Votre ligne de produits est davantage premium depuis deux ou trois ans. Est-ce un créneau dans lequel vous allez persévérer ? On songe à la trajectoire suivie par Apple depuis une décennie…

Nous nous sommes en effet beaucoup développés dans le segment de produits plus haut de gamme. Nous admirons vraiment Apple. La comparaison est flatteuse, il s’agit d’une source d’inspiration en matière de conception et d’expérience utilisateur.

Voyez-vous des signes d’amélioration du contexte économique ?

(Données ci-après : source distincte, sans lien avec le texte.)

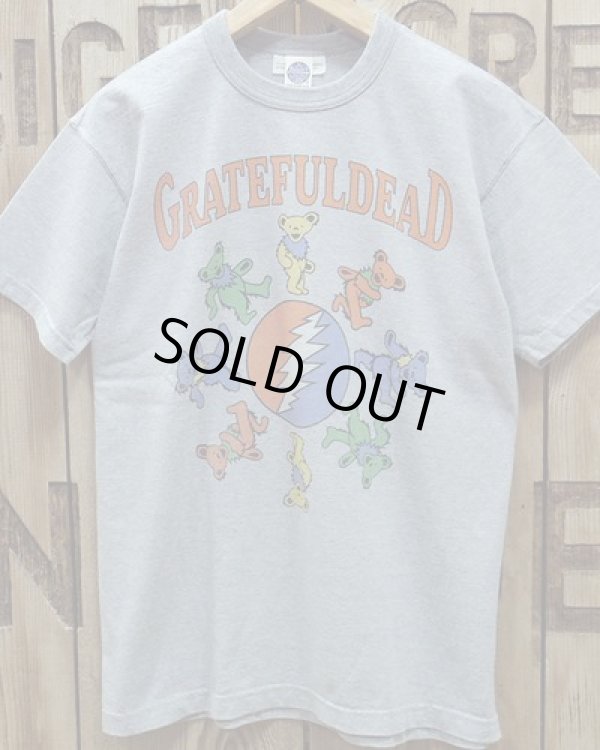 画像4: TOYS McCOY -GRATEFUL DEAD TEE "DANCING BEAR"- 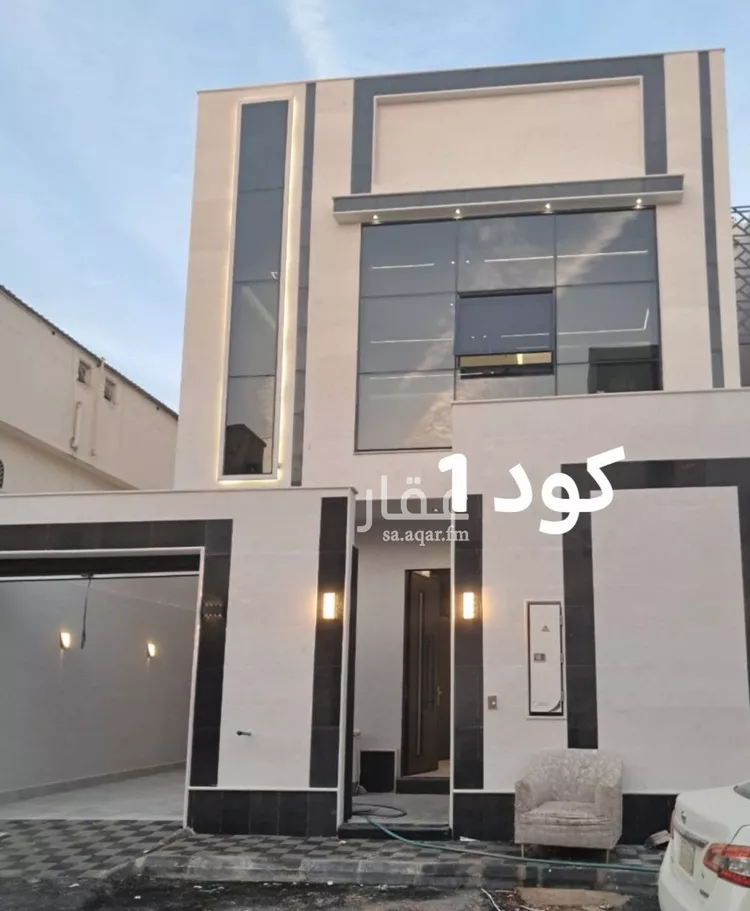 فيلا للبيع في شارع محمد السنوسي, حي العريجاء الغربي, مدينة الرياض, منطقة الرياض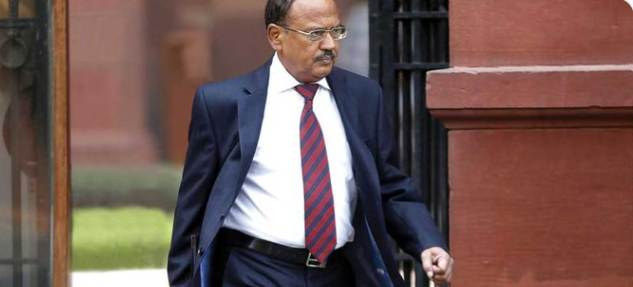 Ajit Doval’s SCO Exit Sparks Tension Over Pakistan Map Row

L’un des aspects très positifs est  que les soucis de chaîne d’approvisionnement se sont nettement atténués – qu’il s’agisse de la disponibilité des composants ou de l’acheminement des conteneurs de transport. Les défis auxquels nous faisons face concernent la plupart des entreprises actuellement. L’inflation et la volatilité des devises sont les facteurs qui nous ont le plus affectés au cours du dernier trimestre, avec un impact de 500 points de base sur notre marge brute. Et ces contraintes vont encore nous pénaliser. Mais elles se résorberont avec le temps. À court terme, l'inflation finira par être maîtrisée. Les cours des monnaies vont se stabiliser et reviendront probablement au niveau auquel ils étaient. Donc je suis positif pour le moyen et le long terme.

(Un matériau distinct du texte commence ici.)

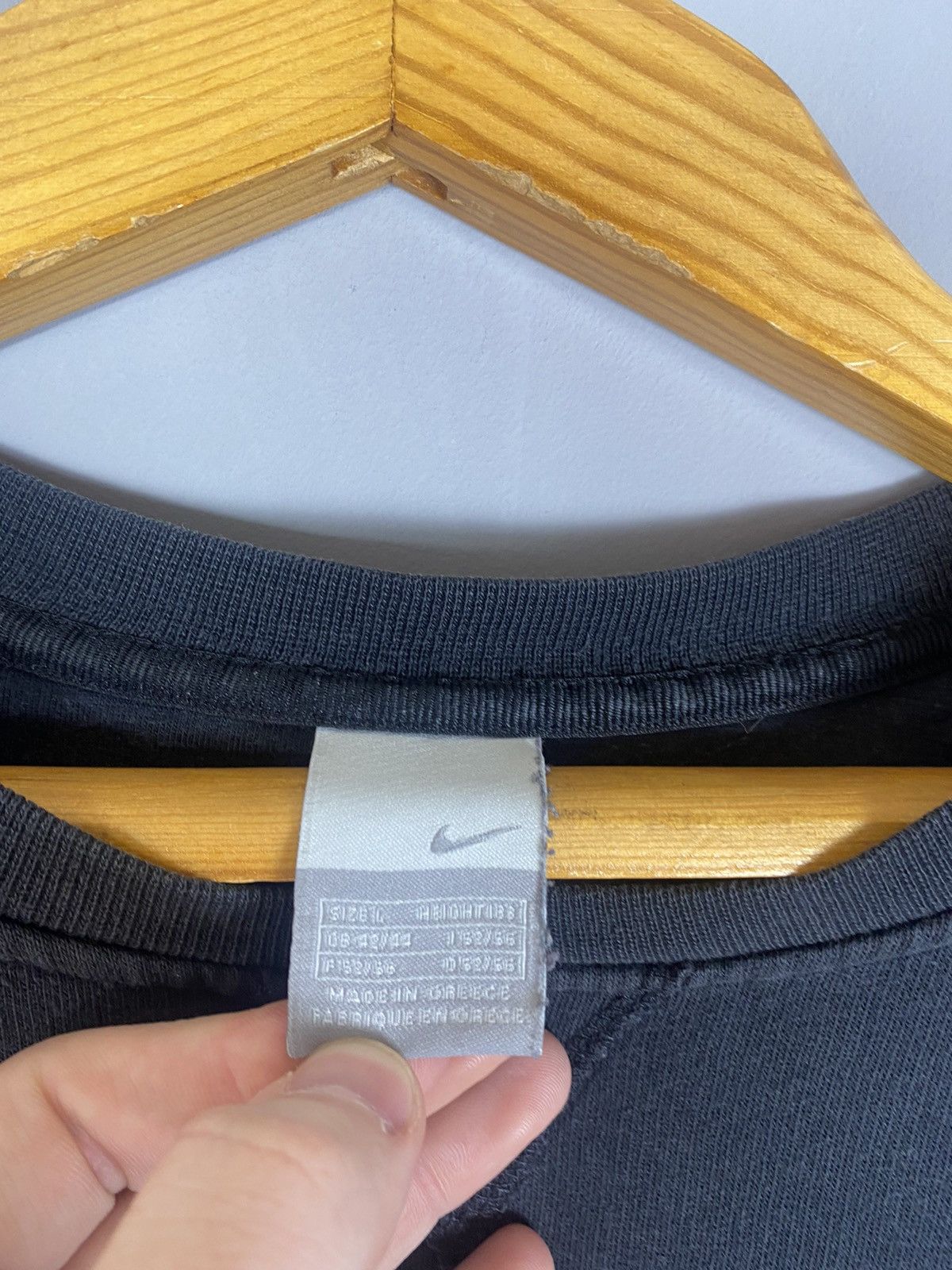 Nike Vintage Nike sweatshirt Size US L / EU 52-54 / 3 - 7 Thumbnail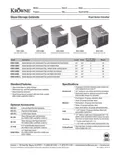 resources of Spec Sheet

Les défis d’approvisionnements en raison de la politique zéro covid de la Chine ne vous inquiètent-ils pas ? 

Nous avons acquis de la flexibilité de ce point de vue. Il y a trois ou quatre ans, nous ne disposions d’aucune capacité de production en dehors de la Chine. Aujourd'hui, 20% de notre capacité provient d’autres pays, et je pense que d'ici à la fin  de l'année, cette proportion s’élèvera à 25 ou 30%. Cela nous donne les moyens d'augmenter notre production en cas de besoin. Je suis satisfait de nos progrès dans ce domaine. Entre les tarifs douaniers, le covid et les interrogations géopolitiques, ce dispositif nous donne de la souplesse.

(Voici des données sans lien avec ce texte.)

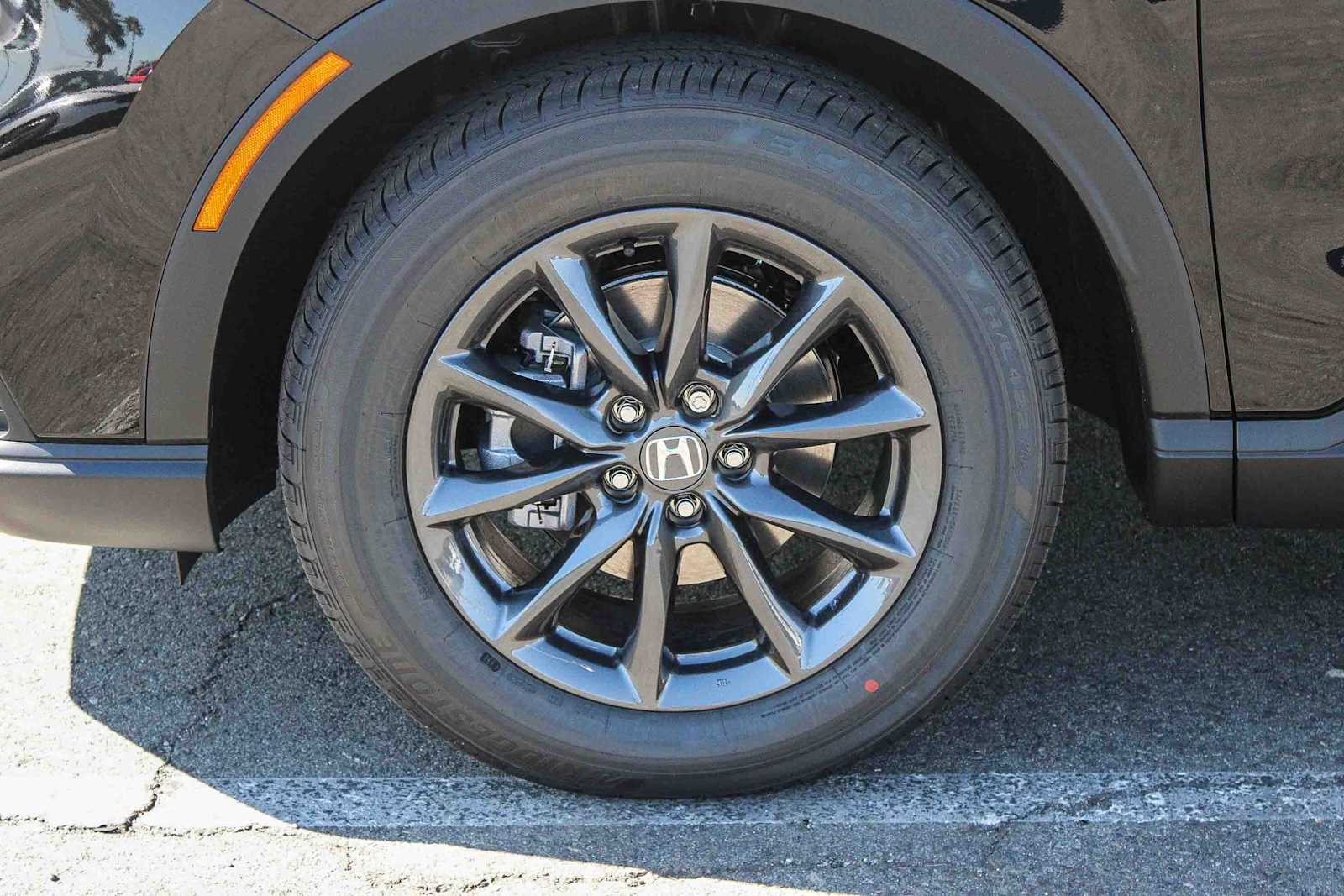 Thumbnail: 2026 Honda CR-V - 9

Vous êtes aux commandes de Logitech depuis dix ans. Quelles sont les principales leçons que vous avez retenues ?

D’abord, que la gestion du risque est un aspect crucial. Il faut toujours être capable d’assumer les paris que l’on fait. Parfois, une catégorie de produits a du succès pendant un certain temps, puis elle cesse de fonctionner. Il faut alors être prêt à changer des choses rapidement. Souvent, nous ne réagissons pas assez vite. C’est un autre aspect très important qu’il faut cultiver : avoir l’instinct et le courage de faire des changements rapidement. Et pour finir, probablement que l’enseignement le plus important tient en cette citation de Winston Churchill, que le fondateur de Logitech Daniel Borel affectionnait : « Success is never final, failure is not fatal. » Et c’est vrai, il faut recommencer chaque jour. Ce que vous avez accompli hier est terminé. Et l’échec n’est jamais fatal si vous savez gérer le risque.  


VISION LONGUE

« A very long term person », c’est ainsi qu’il se définit lui-même. Ses dix ans (en janvier prochain) passés à la tête de Logitech confirment ce credo. Sous l’ère Bracken Darrell, Logitech s’est émancipé de sa dépendance excessive aux souris et claviers. L’action du groupe a en outre connu une envolée spectaculaire. Avant de rejoindre la firme suisse, ce très cordial Américain, âgé de 59 ans, a successivement fait ses preuves au sein de plusieurs multinationales, à des postes de direction : Arthur Andersen, PepsiCo, General Electric, Procter & Gamble, puis Whirlpool. Il est titulaire d'un MBA de la Harvard Business School et d'une licence en anglais du Hendrix College en Arkansas. Il siège par ailleurs au conseil consultatif américain de la Harvard Business School et au conseil d'administration de Life Biosciences, une entreprise qui travaille sur la longévité.